Hindistan’da bir kadın doktorun tecavüze maruz bırakılarak katledilmesi üzerine konuşan Mısırlı kadınlar, faillerin korunduğuna dikkat çekerken acil önlem çağrısı yaptı.

ASMAA FATHI

Kahire- Hindistan’ın Batı Bengal eyaletinin Kalküta kentinde 9 Ağustos’ta 31 yaşındaki stajyer kadın doktorun çalıştığı hastanenin seminer odasında tecavüze maruz bırakılarak katledilmesi, Hindistan genelinde büyük tepki çekti ve protesto eylemlerine yol açtı. 16 Ağustos gecesi yüz binlerce kadın, Kürtçe ve Hintçe "Jin, jiyan, azadî" yazılı pankartlarla sokaklara döküldü. Yeni Kadın Vakfı'nda yöneticisi Lamia Lutfi, konuyla ilgili ajansımıza değerlendirmelerde bulundu.

‘Kadınlar şiddetin birçok türüne maruz kalıyor’

Hindistan’da kadına yönelik şiddetin boyutunun çok büyük olduğunu belirten Lamia Lutfi, “Hindistan’da kadınlar sokakta, iş yerinde ve yaşamın birçok alanında şiddete maruz kalıyor. Son olarak bir kadın doktorun tecavüze maruz bırakılarak katledilmesiyle Hindistanlı kadınların protestolarına tanık olduk. Ülkede kadınları koruyan güvenlik araçları bulunmuyor ve bu konuda farkındalık yaratılması gerekiyor. Hindistan’daki kadın şiddeti bu ülkeyle sınırlı değil, Mısır ve birçok Arap ülkesinde yaşanan bir durum. Failler genellikle cezasızlıkla ödüllendiriliyor ve toplum tarafından da kınanmıyor. Toplum faili haklı çıkarırken, şiddete maruz bırakılan tarafı ise damgalıyor. Kadınlar bu anlamıyla şiddetin birçok türüne maruz kalıyorlar” diye belirtti. 

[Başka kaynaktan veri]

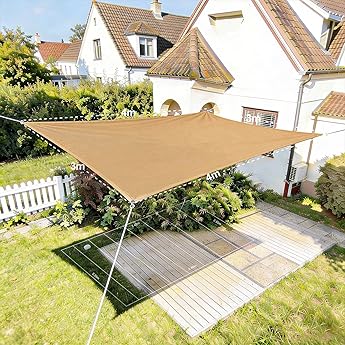 Toldo rectangular para balcón, 4 x 3 m, color crema, protección solar y contra el viento, tejido HDPE, incluye cuerdas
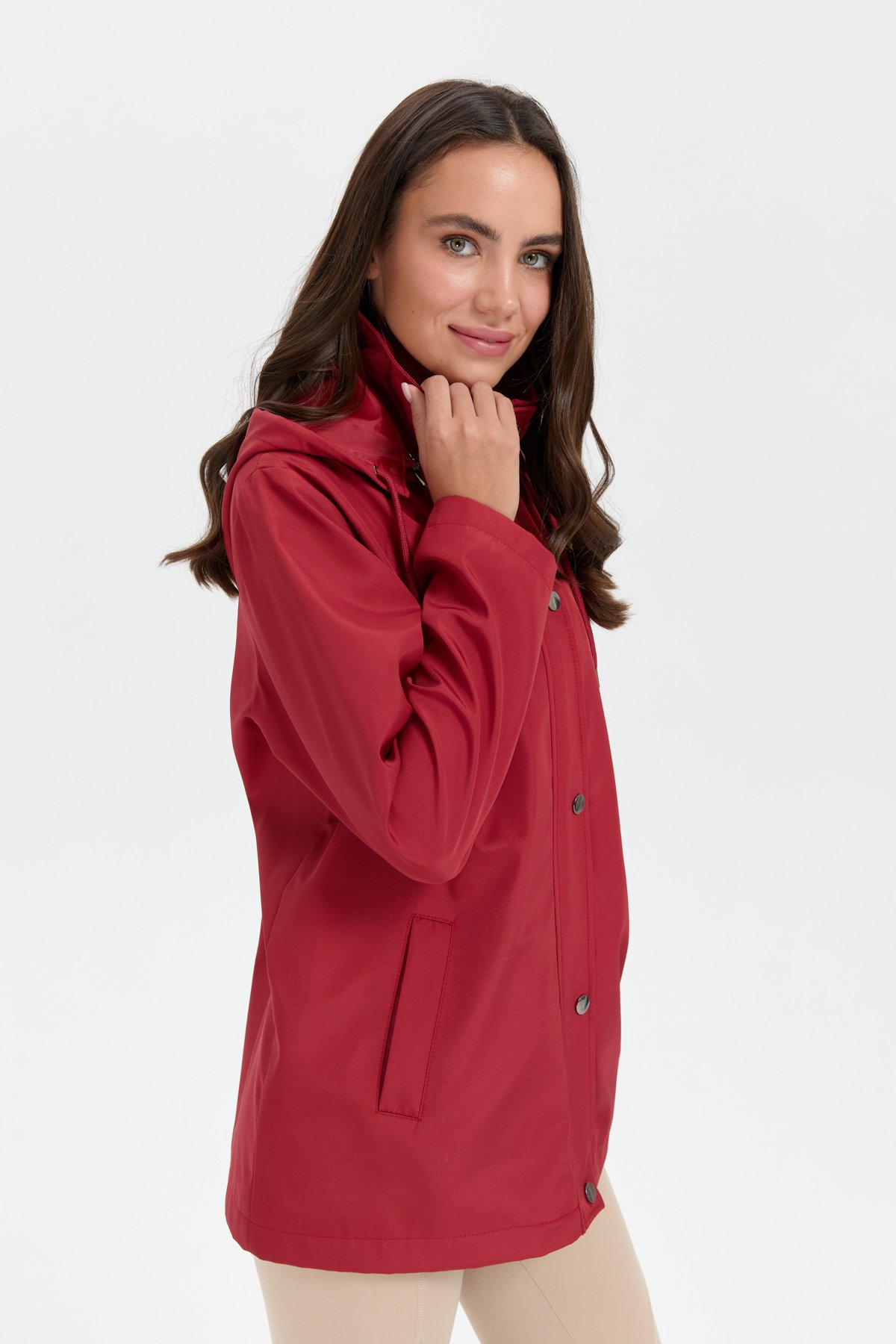 24417Kadın Kapüşonlu Yan Cepli Kısa Trençkot Kiremit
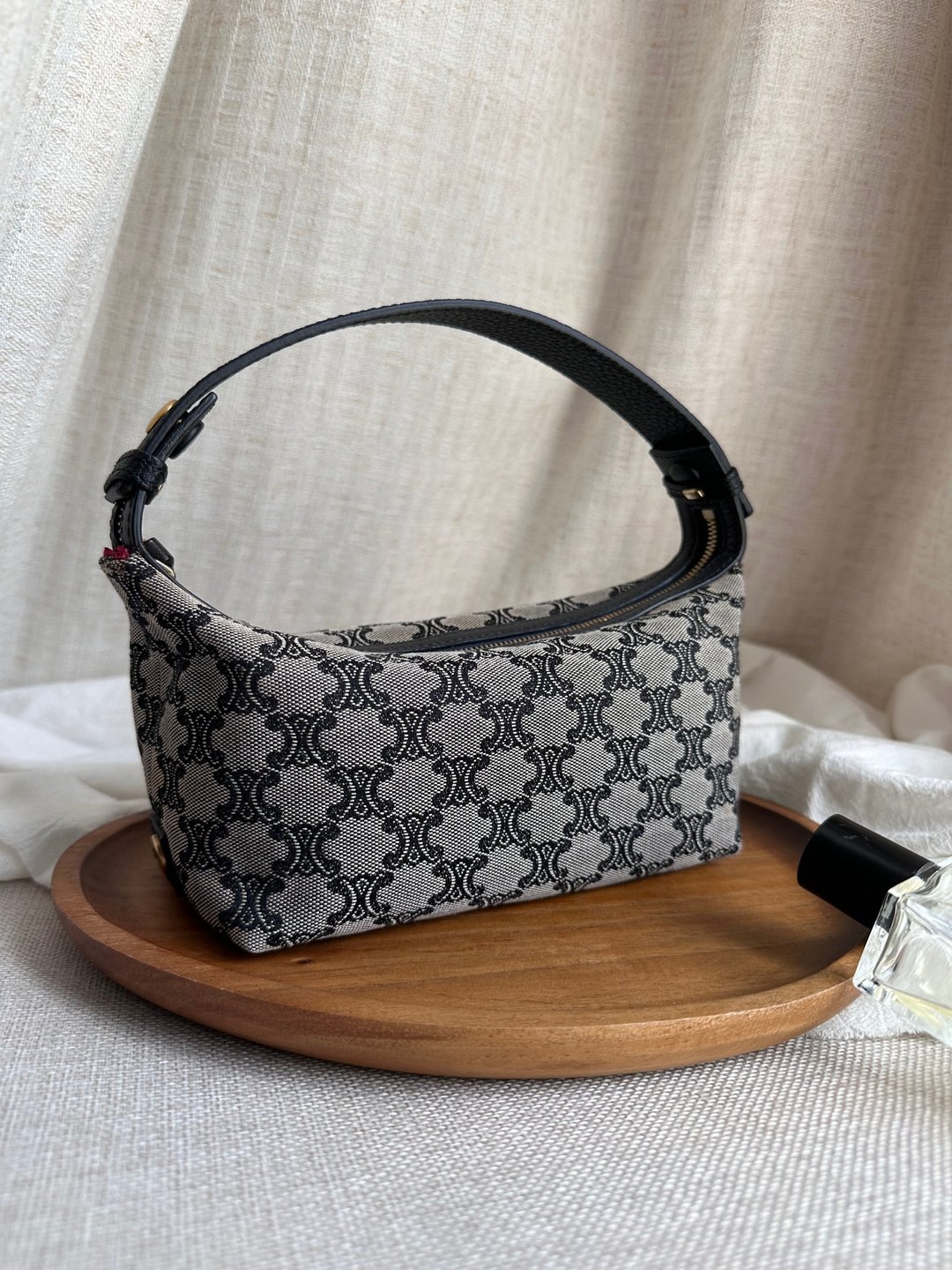 稀有中古包 Celine Vintage 凯旋门图案灰色老花改造迷你饭盒包 - 手提包/手提袋 - 真皮 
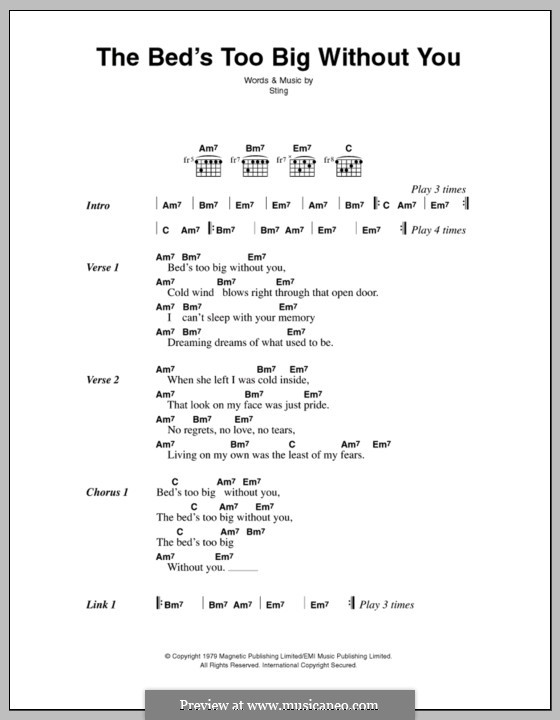 The Bed's Too Big without You (The Police) por Sting em músicaNeo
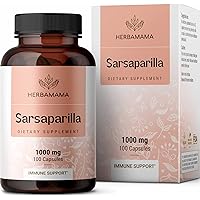 HERBAMAMA Sarsaparilla Root Capsules - Organic Sarsaparilla Root Powder Pills - Smilax Medica Herb Supplement - 1000mg, 100 Caps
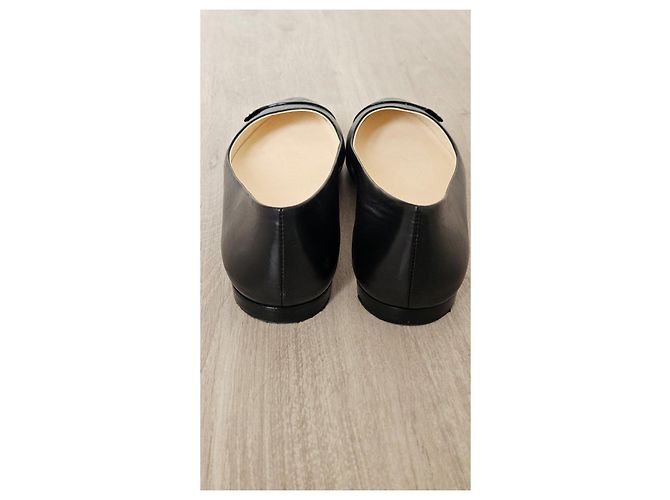 Bailarinas Chanel de cuero negro - vista 3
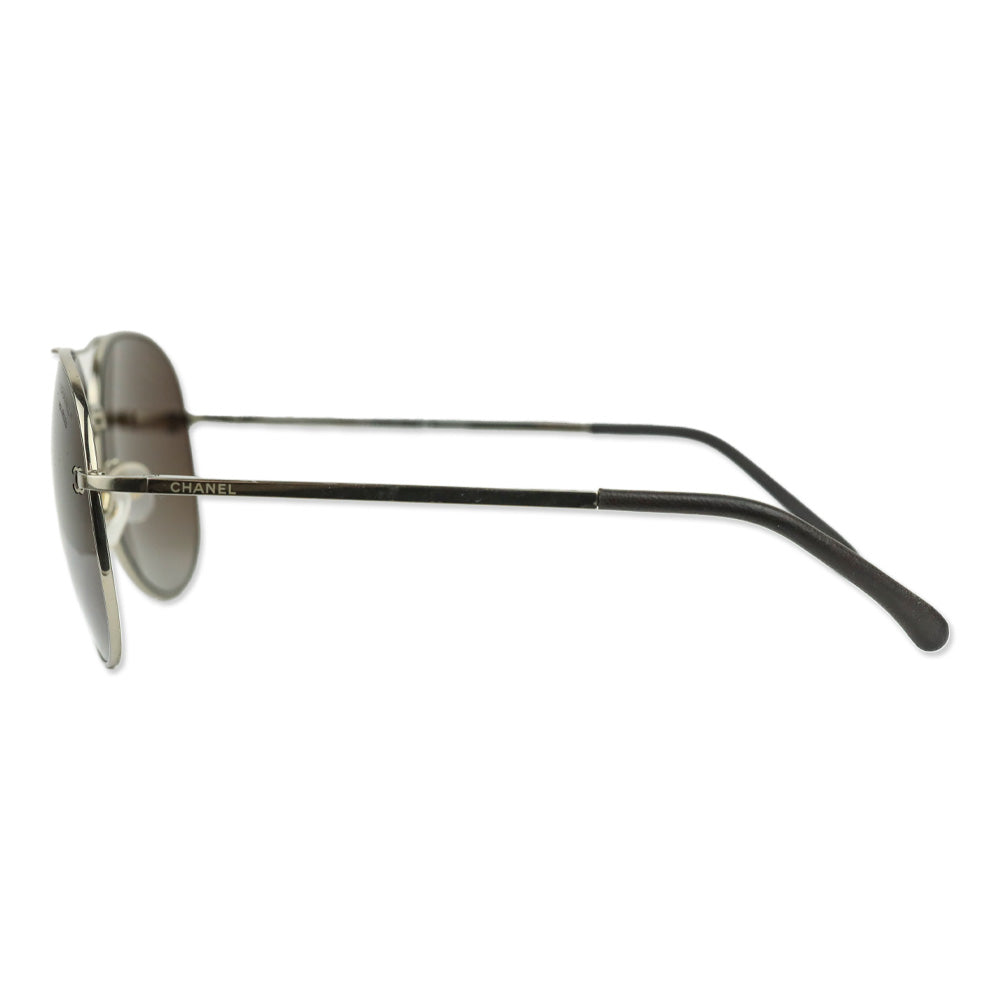 Chanel Silver Titanium & Calfskin Pilot Sunglasses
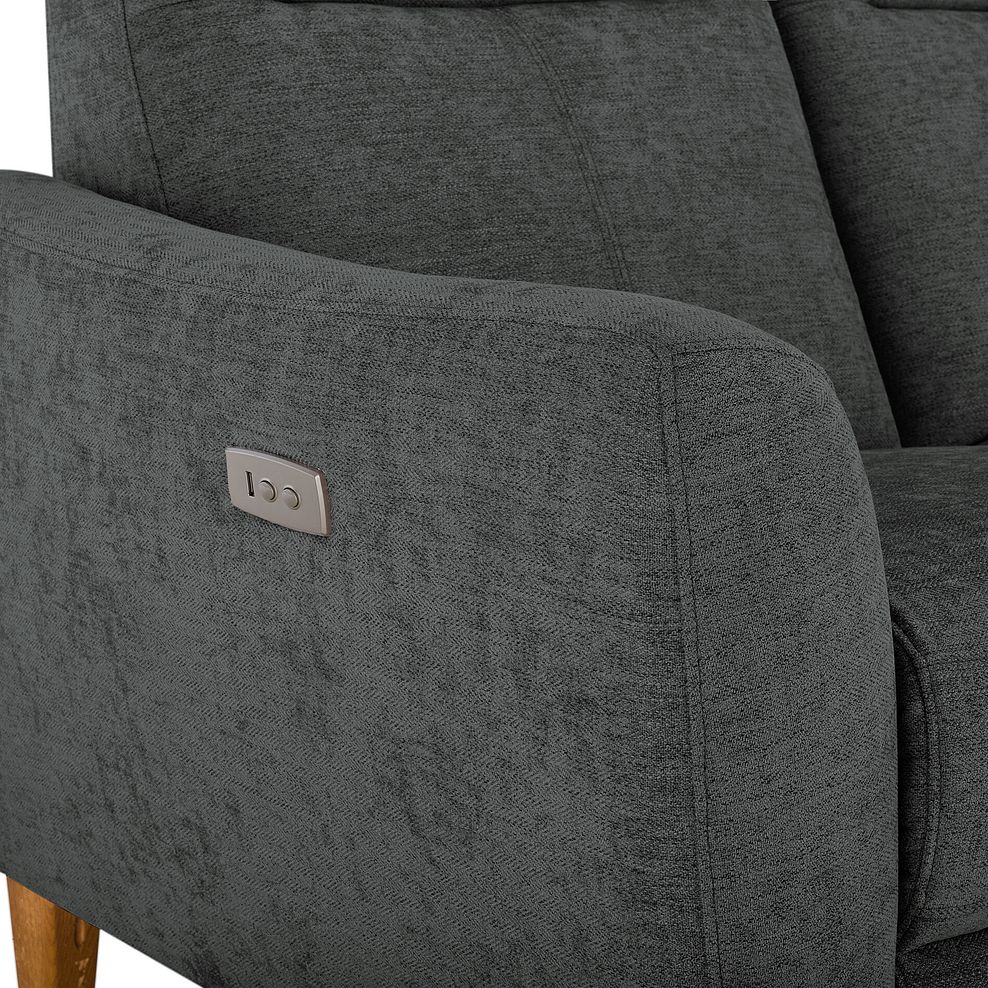 Dylan 2 Seater Electric Recliner Sofa in Darwin Charcoal Fabric 9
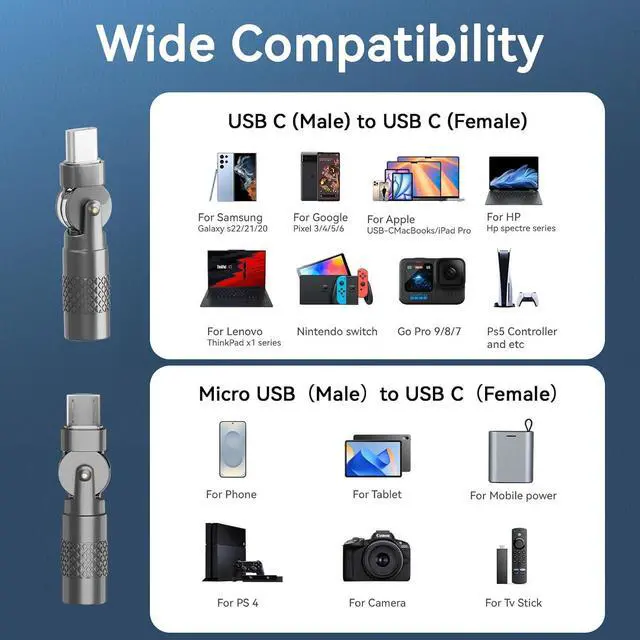Alt view image 6 of 7 - USB C 180 Degree Adapter 60W (2 Pack) USB C to USB CAdapter High-Speed Data Transfer for MacBook Pro iPad Pro  Notebook  XPS and More Type C Devices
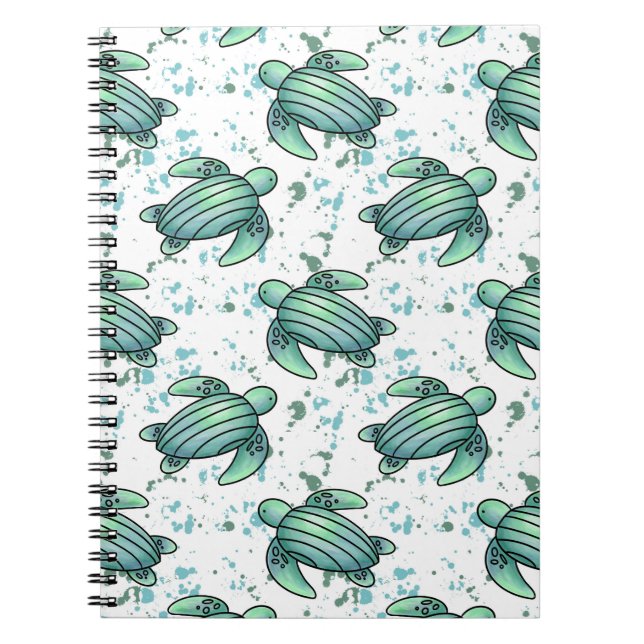 watercolor sea turtle green blue pattern animal notebook (Front)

‘Sağlıkçılar güvence altına alınmalı’

Çalışma yaşamında kadınların koruma mekanizmalarına ihtiyaç duyduğunu kaydeden Lamia Lutfi, sözlerine şöyle devam etti: “Sağlıkçıların çalışma ortamları tamamen güvence altına alınmalı. Çalışma alanının yanı sıra işe gidiş gelişler ve ulaşım güvenliği de sağlanmalı. Hindistan’da bir kadın doktorun tecavüze uğraması ve katledilmesi oradaki ihlallerin boyutunu da ortaya koyuyor. Birkaç yıl önce de Mısır’da işyerinden evine giden bir hemşire tecavüz saldırısına maruz kaldı. Eşinin desteği çok dikkat çekiciydi. Çünkü bu tür durumlarda kadınlar genellikle damgalanır, yalnız bırakılır ve ailesi tarafından terk edilir. Ayrıca kanunların uygulanmaması nedeniyle de kadınlar haklarını arayamıyor veya adaletin sağlanması için uzun yıllar prosedürleri beklemek zorunda kalıyor. Birçok kadın ise teşhir edilme korkusuyla yargıya gitmiyor ve yaşananlar karşısında sessiz kalıyor.” 

‘Şiddete karşı herkes bir araya gelmeli’

Kadınların maruz kaldıkları ihlallerle başa çıkmaları için toplumun failleri kınaması gerektiğini söyleyen Lamia Lutfi,  ayrıca kadın haklarını destekleyen koruma organlarının olmasını ve yasalarla kadın haklarının savunulmasını istedi. Birleşik Şiddet Kanunu’nun çıkarılması için sivil toplumun özenli çalışması gerektiğinin altını çizen Lamia Lutfi, “Tasarı 6 yılı aşkın süredir yürürlükte ve henüz kabul edilmedi. İşyerinde kadınların korunması için politikalar olmalı, uluslararası anlaşmalar uygulanmalı, seminer, toplantılar yoluyla toplumsal farkındalık sağlanmalı, çeşitli medya platformlarına gidilmeli ve şiddete karşı herkesin bir araya gelmesi gerekiyor” önerilerinde bulundu.

‘Cezasızlık failleri cesaretlendiriyor’

Kadın aktivist Aya Abdel Hamid ise dünyanın her yerinde kadınlara şiddet uygulandığını ifade ederek, “Çünkü şiddet failleri cezasızlıkla ödüllendiriliyor. Bu durum failleri cesaretlendiriyor. Genellikle mağdur olan taraf suçlanıyor ve failler haklı çıkarılıyor. Hindistan’da yaşanan olay birçok Arap ve Avrupa ülkesinde de yaşanan bir durum. Erkek egemen sistem kadını baskı altına almaya çalışıyor ve kadınlar yaşamın birçok alanında şiddetin farklı biçimlerine maruz kalıyor. Yasalarla şiddete karşı çıkılmalı ve çalışma yaşamında koruma mekanizmaları hayata geçirilmelidir. Örneğin işyerlerinde kamera sistemleri ve şeffaf camlar olmalı. Uzun duvarlar ve koridorlar ihlallerin yaşanmasına neden oluyor” sözlerine yer verdi.

Acil müdahale çağrısı

Şiddete karşı hükümetlerin acil müdahalelerde bulunması çağrısında bulunan Aya Abdel Hamid, son olarak şöyle konuştu: “Faillere caydırıcı cezalar verilmeli, uluslararası anlaşmalar imzalanmalı, imzalanmışsa yerine getirilmeli. Eğitim müfredatlarında şiddete karşı farkındalık konuları yer almalı, iç mevzuat sistemi değiştirilmeli. Bu ve bunun gibi birçok araç var ve hayata geçirilmesi gerekiyor. Ayrıca sivil toplum örgütleri ile hükümet bir araya gelerek şiddete karşı çalışma yapmalı.”